2021年3月1日月曜日

Rachmaninoffという表記

 ラフマニノフは英語圏では普通、Rachmaninoffと表記される。ところが、これが折衷式の表記であることを最近知った。

 まず、元のロシア語では彼の名はРахма́ниновと綴られる。これをラテン文字に置き換えるとRachmaninovになる。ここで注目すべきは最後のvだ。これはロシア語のвに対応するもので、字面の転写の仕方としては間違っていないのだが、実際の発音という面では具合が悪い。というのも、вは語末に置かれると無声音化し、発音が/f/に変わるからだ。そこで、現行の英語表記のように語末をfとしたのだろう(なぜ、そのf2つ重ねられるのかは浅学の私にはわからない)。
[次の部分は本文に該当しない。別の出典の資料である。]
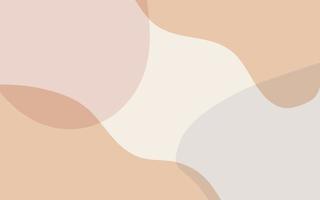Abstract shapes and line in nude pastel colors. Neutral background in minimalist style. Contemporary vector illustration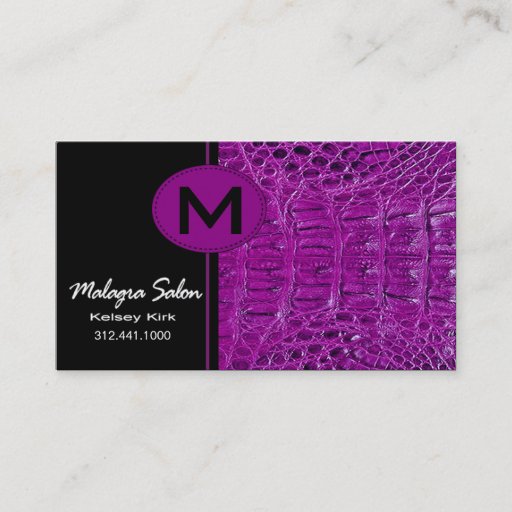 Customizable Zoology Alligator Business Card template
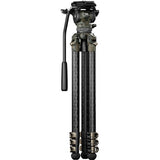Tilta CT08 75mm Cine Fluid Head with 3-Stage Carbon Fiber Tripod Legs (8KG) - Forest Camo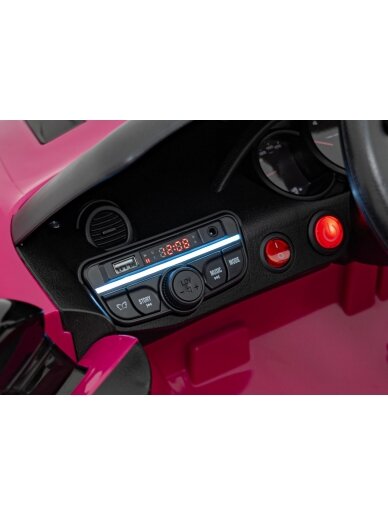 Porsche Spyder RS 718 Elektromobilis vaikams Rožinė 8 Porsche Spyder RS 718 Elektromobilis vaikams Rožinė 8
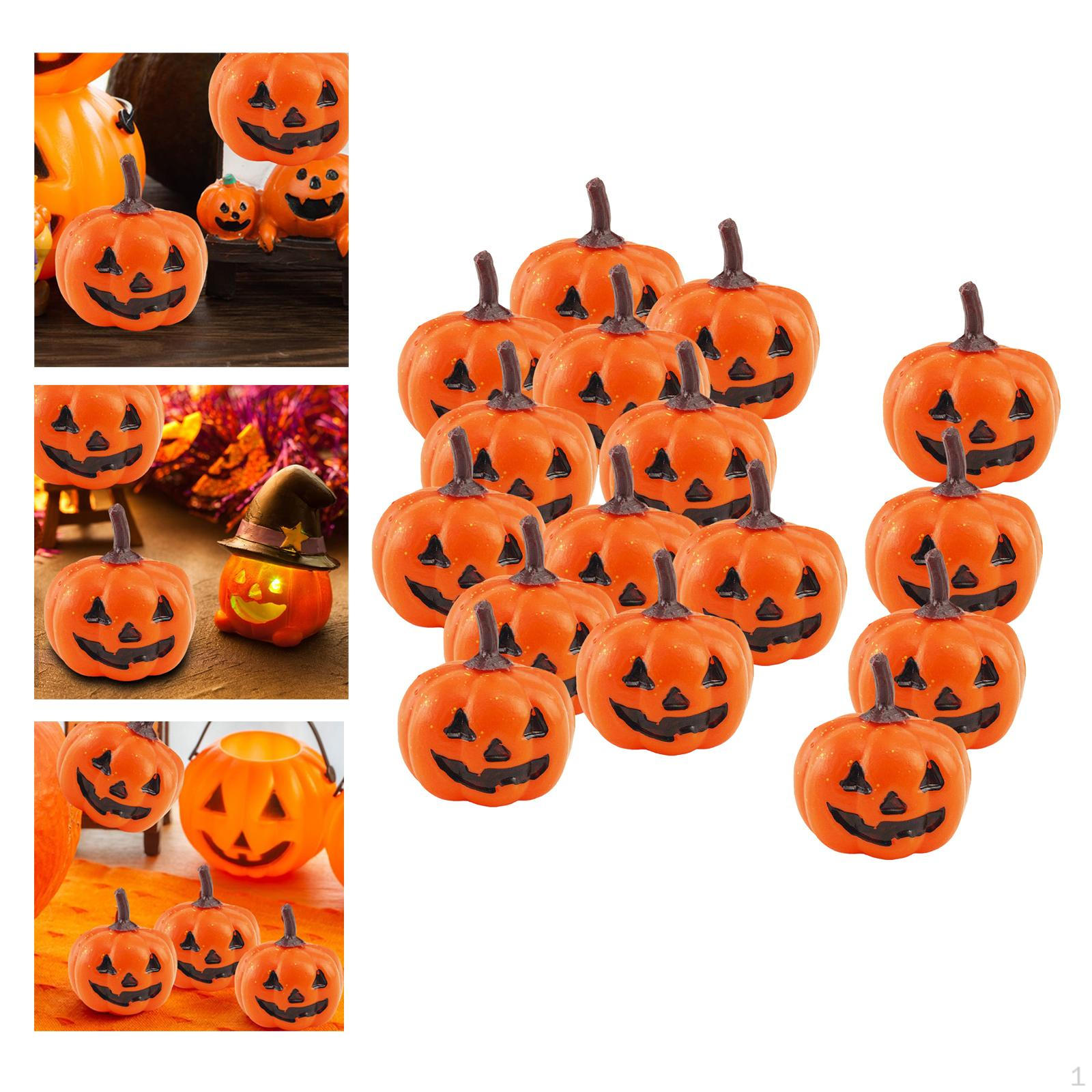 16Pcs Simulated Grimace Pumpkin Creative Artificial Foam Decorative for Halloween Thanksgiving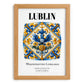 Lublin, Poland – Travel Poster, set in oak frame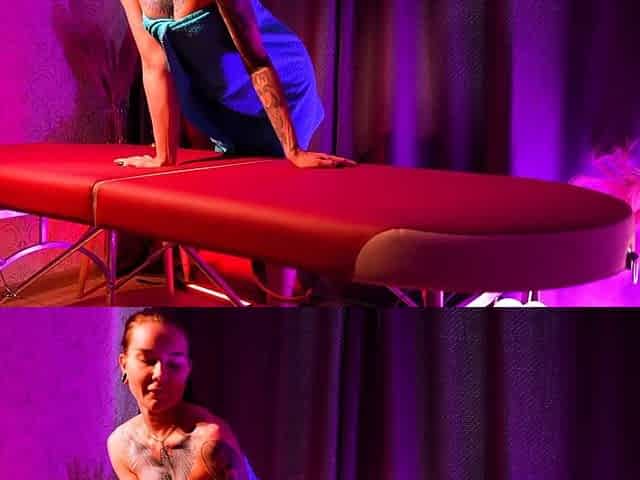 Massage turns into a hardcore fucking session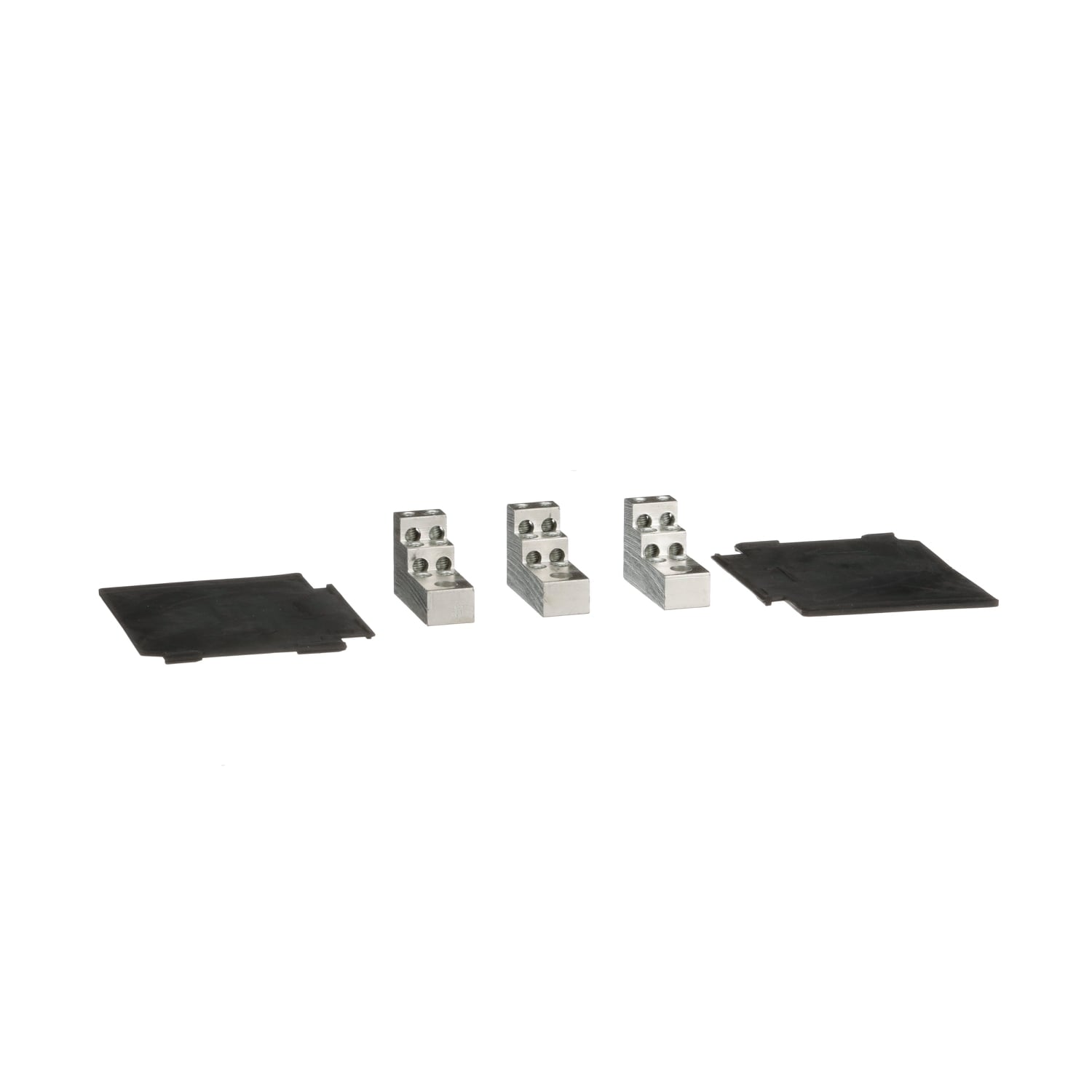 PDC6BD6 Mechanical Lug Connection Kit With (2) Interphase Barrier, For Use With PowerPact B Frame, Compact NSXm Circuit Breaker, 15 to 125 A, 14 to 6 AWG Wire, 3-Pole, Aluminum/Copper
 ところが、Rachmaninoffが発音法を活かした表記法かというと、必ずしもそうではない。というのも、chを英語では/x/(これは発音記号であって、ラテン文字のxではない)とは発音することはないだろうからだ(この/x/の音はドイツ語のBuchという語のchの発音である。なお、ドイツ語ではRachmaninowと綴ることになっており、こちらは英語とは逆にchの音は問題ないが、wに問題がある)。事実、英和辞典で発音記号を調べてみると、/rɑːkmάːnən`ɔːf/となっているではないか。まあ、英語の発音の原則からすれば当然こうなる。
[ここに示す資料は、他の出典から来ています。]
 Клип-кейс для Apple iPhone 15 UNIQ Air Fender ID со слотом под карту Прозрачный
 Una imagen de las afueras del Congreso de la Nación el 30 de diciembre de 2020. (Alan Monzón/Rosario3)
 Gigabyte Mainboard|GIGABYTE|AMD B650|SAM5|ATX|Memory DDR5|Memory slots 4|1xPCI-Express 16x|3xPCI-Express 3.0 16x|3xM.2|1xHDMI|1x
 とはいえ、実際に英語でRachmaninoffch/k/と発音されているかというとそうでもなさそうで、試しにYou Tubeである動画を見てみたところ、それは/x/に近い音に聞こえたのである。となると、これは外国人の名前なので一種の外来語ということで、綴りと発音の不一致が認められているのだろう(ドイツ語の場合、Dudenの発音辞典では/rɑxˈmaːninɔf/となっており、wが  /f/と発音されることになっている)。同じことは、たとえばプロコフィエフの場合でも生じている。Прокофьевは英語ではProkofievと綴られる(これは先のRachmaninov同様、文字の忠実な転写)が、最後のvは英和辞典でも発音記号は原語の正しい発音通り/f/とされている。

 それにしても、外国人の人名表記というのは難しいものである。同じ音を共有する言語間ですらこうなのだから、そうではない日本語での表記は必然的に折衷的、いや、それどころか「間に合わせ」で済ませるしかない。が、それでももう少しきちんと整備した方がよいと思う。少なくとも「音」を大切にする音楽の分野では。それこそ、この国の音楽学研究者が言語学者とともにプロジェクト・ティームを組んで取り組む価値のある問題であろう(人名のみならず、作品名の表記と訳語について規範となるものを定め、辞典をつくればよいと思う)。